Kazuya Maeda, an undistinguished high school student who can't seem to find anything to do with himself, is given his father's camera and, without thinking, decides to take it to school. He is soon roped into the workings of the "Photography Club", a group dedicated to capturing perverted pictures of girls rather than paying any attention to the art form itself. He begins to photograph various attractive girls under different circumstances, and for some reason, this makes him popular. He suddenly has his hands full of potential girlfriends, all of whom are desperately in love with him and want him to help them with their various quirky problems.
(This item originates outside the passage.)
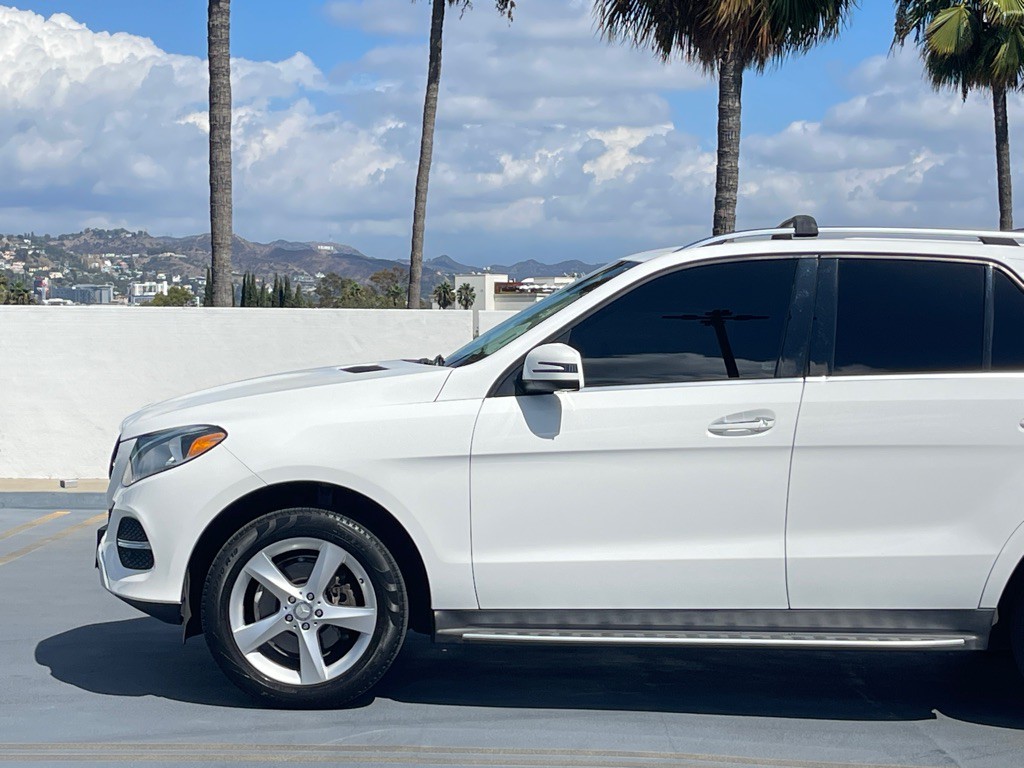 2016 Mercedes-Benz GLE-Class Image 19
In my version of the story, this is the point at which the director raised his finger and shouted "Cut! Can the production, I've seen enough of this garbage already", but sadly, it was not to be......
In many ways, Photo Kano is perhaps the most disturbing series I have watched in recent years, a dubious honor which I award it less for its content (which is nonetheless questionable) than for its problematic sociological implications and the degree to which it causes me to fear for anime's future. Over the years, more and more of the "romance" in anime has come to consist of masturbatory male fantasies in which heavily stereotypical girls, all ultimately docile and submissive regardless of initial behavior, fall madly in love with an intentionally bland protagonist onto whom the viewer, presumably, can project himself and his desires. Although dating simulations and their adaptations have been part of Japanese visual media for quite some time, the viewpoint they present has cast successively larger shadows over the anime industry, to the point where it is nearly inescapable and has crept its way into the character dynamics of an alarming number of today's shows. Photo Kano is a series that, to me, indicates that the anime industry's embrace of these fantasies has gone way too far. While structurally similar to, say, Kanon or any show carved from the mold of dating simulations, Photo Kano embraces the idea that if one wills strongly enough, women will be party to voyeurism that, in real life, would earn one a restraining order, a concept that has, disturbingly, jumped to mainstream television after having existed in pornography and fringe titles such as Colorful for many years.
It is almost redundant to even discuss Photo Kano's actual content first, as it lies in that region of anime in which characters are not really characters and romance is not really romance but both are instead akin to a product made in one of Henry Ford's factories, refitted to produce television animation rather than cars. The infantile "plot" hinted at during the first episode is quickly forgotten in favor of letting our friend Maeda have his time with each different girl, a common structure that, in an apparent move of clumsiness by the creators, does not become clear until the fifth episode or so. While the result is painfully generic, the hints we do see of the photography club's perverted nature are enough to tell us that this route was the lesser of the two evils, if only slightly. We proceed through a cycle of attractive girls with minor quirks such as an unnatural obsession with punctuality or the ability to make especially good hamburgers, but all are ultimately interchangeable and completely vapid, our "story" occasionally interrupted by the unfunny antics of the photography club members and the viewer's simultaneous utterance of "my eyes, my eyes!" at the sight of their hairstyles (a particularly bad example lies below, at the left). To say it is dull, which it is, misses the point of this clearly being directed at lonely high school boys who are just too plain scared to talk to real girls, and while the art and music are pleasant enough, there's just not anything for the rest of us. If you aren't the lonely high school youth projecting yourself onto Maeda, then he is just another bland and slightly insensitive everyman: without the experience of feeling that you yourself are the one having these girls fall madly in love with you, you are left with nothing to do besides pick apart such oddities as the fact that during the opening animation, the girls mime along to the lyrics in succession (an unsettling experience, considering that the voice in the song remains the same throughout).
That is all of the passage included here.